From Maduabuchi Nmeribeh, Kano

Hajiya Hawa Jaffar, a nursing mother, is among the four wives of Malam Musa Jaffar, a Hausa-Fulani farmer, with 20 children. Musa’s children are among the over 5000 children that reside in Kau-Kau-Fulani community in Bichi Local Government Area, Bichi Emirate, Kano state. Though they live in a settlement bereft of basic social amenities cum infrastructural facilities, the children, naturally trained in farming and livestock rearing display joy and contentment derived from their own green world and the limits it offers them.

Their joy and that of their families, however, is increased by the Dietry Diversity Modelling Pilot Project (DDMPP) introduced by the United Nations Children Fund (UNICEF) in collaboration with Kano state government and a Non Governmental Organization (NGO), Society for Women Development and Empowerment.

Indeed, Hajiya Hawa, a member of the Kau-Kau Community Support Group of the DDMPP, and a beneficiary of the project, could not hide her joy when she took our Correspondent to a cluster garden at her backyard where she cultivated vegetables and fruits donated to her freely by UNICEF to enable her get enough nutritious food for her child who is between the age of six and 23 months.

“I am very happy not only as a beneficiary of this project, but as one of the members of the women support group who are teaching other nursing mothers on how to maintain these cluster gardens and cultivate enough nutritious vegetables and fruits to feed our babies immediately after the compulsory six months exclusive breastfeeding.

“Before the introduction of this UNICEF Project, we found it difficult to get enough nutritious food and other supplements for our children, but with the training and resources given to us as a result of this project, we no longer have problem feeding our children between the ages of six and 23 months.

“UNICEF provided us with improved seedlings and vegetables to plant. They also provided us other resources to ensure that the crops are healthy. We were also given chicks, hens and goats to produce eggs, meat and milk for the consumption of our children. This is really helping us a lot. As you can see, our babies are very healthy simply because we have been taught how to prepare these vegetables and fruits as recepies for the consumption of these children between the ages of six and 23 months.

“I must also tell you that this initiative has brought inexplicable joy in my family because I get most of the things I needed to supplement the food of the breastfeeding child from the cluster garden. My husband is also happy that I no longer disturb him so much for food supplement as it used to be when we were not into this cluster garden farming.”

Hajiya Hawa, however, expressed worry that she and other beneficiaries within the community face a serious challenge posed by lack of water and fertilizer to enable the vegetables and fruits grow very well.

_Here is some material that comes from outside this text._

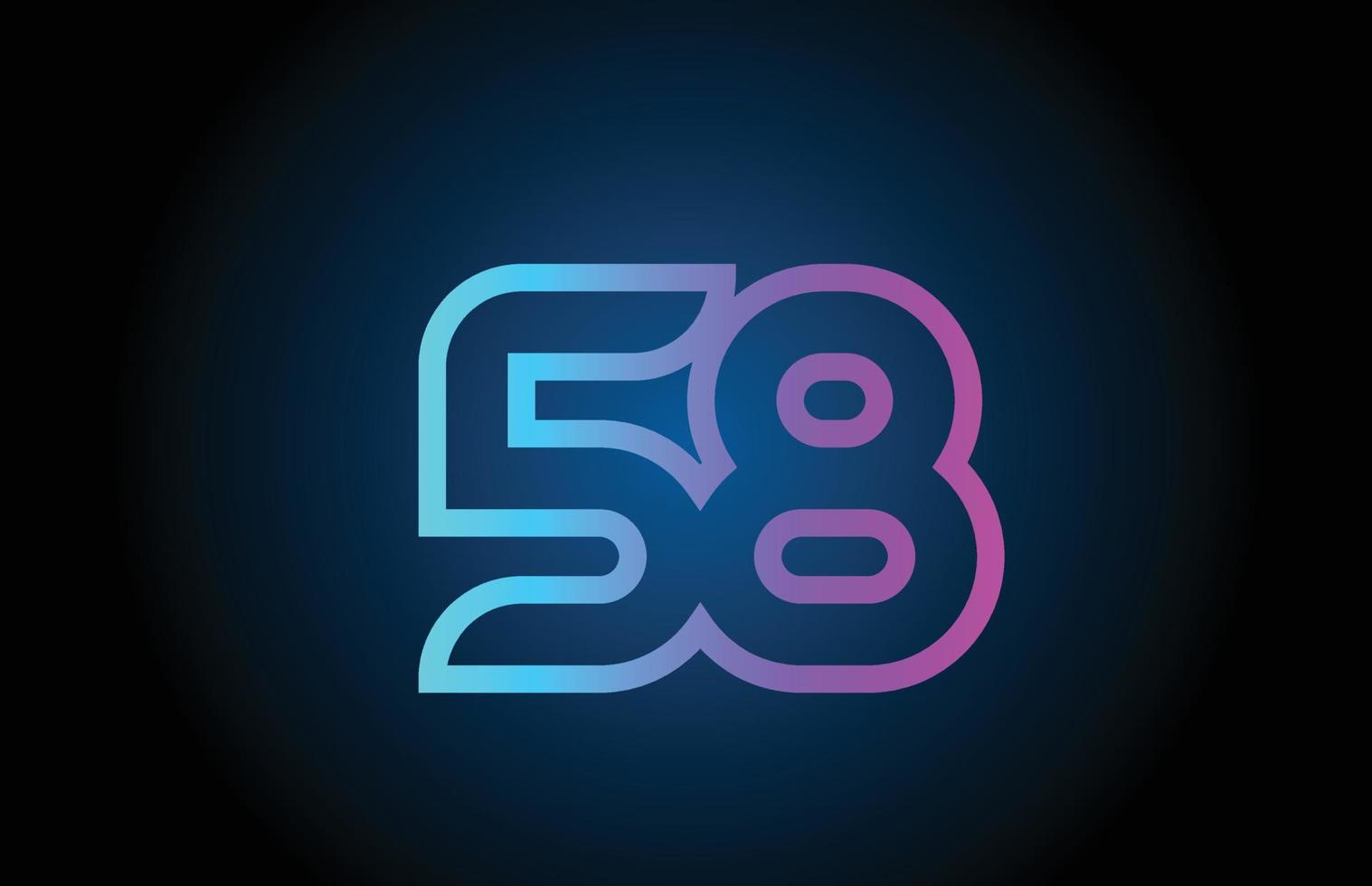 roze lijn 58 aantal logo icoon ontwerp. creatief sjabloon voor bedrijf en bedrijf vector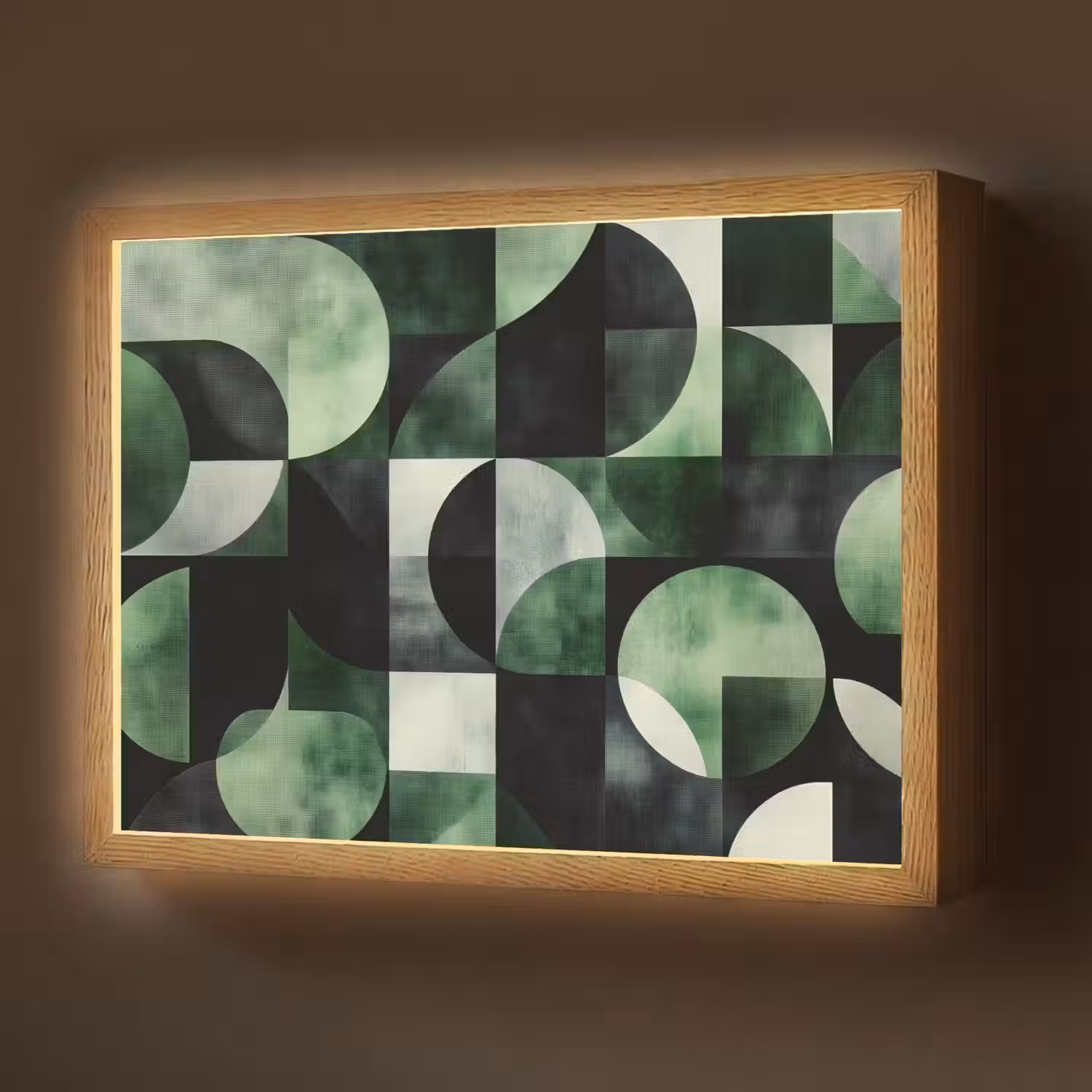 Abstract - Groen - Vormen Light Box met batterij (Wandlamp) middel -z3d_website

“As you can see, we live in a dry settlement. The water lodge is very far away from us. When it is dry season, we suffer alot trekking very long distances to fetch water for the garden. This is a serious challenge. We also do not have access to fertilizer. We use livestock waste as manure for the gardens. For us and our cluster garden to survive, we need a reliable source of water in this community. We also need support that will enable us have access to fertilizer. We are, however, grateful to UNICEF for bringing succour to nursing mothers in this community.”

The Nutrition Specialist for UNICEF Kano Field Office, Mrs. Abigail Nyam, told journalists, on Thursday, that the Dietry Diversity Modelling Pilot Project is the first of its kind in Nigeria. She said for now, the project is being run in 44 communities in Bichi Local Government Area and 28 communities in Sumaila Local Government Area of Kano state, with a long-term plan to spread the project across the 44 Local Government Area in Kano state, and indeed, across all the 36 states in the country, including Abuja.

She further added that Kano was targeted because of its status as the state with the highest number of malnourished under-five children in the country.

According to her, “this is a pilot project that commenced in 2018. It is a modelling project. We are working with women who have children between the ages of six and 23 months. We have them in Support Groups made of 15 women each. We provide them with the improved seedlings of vegetables, varieties of spinatch and fruits including mango, pawpaw and carrots. We also teach them hygiene and recepie, as well as how to prepare the food for the children.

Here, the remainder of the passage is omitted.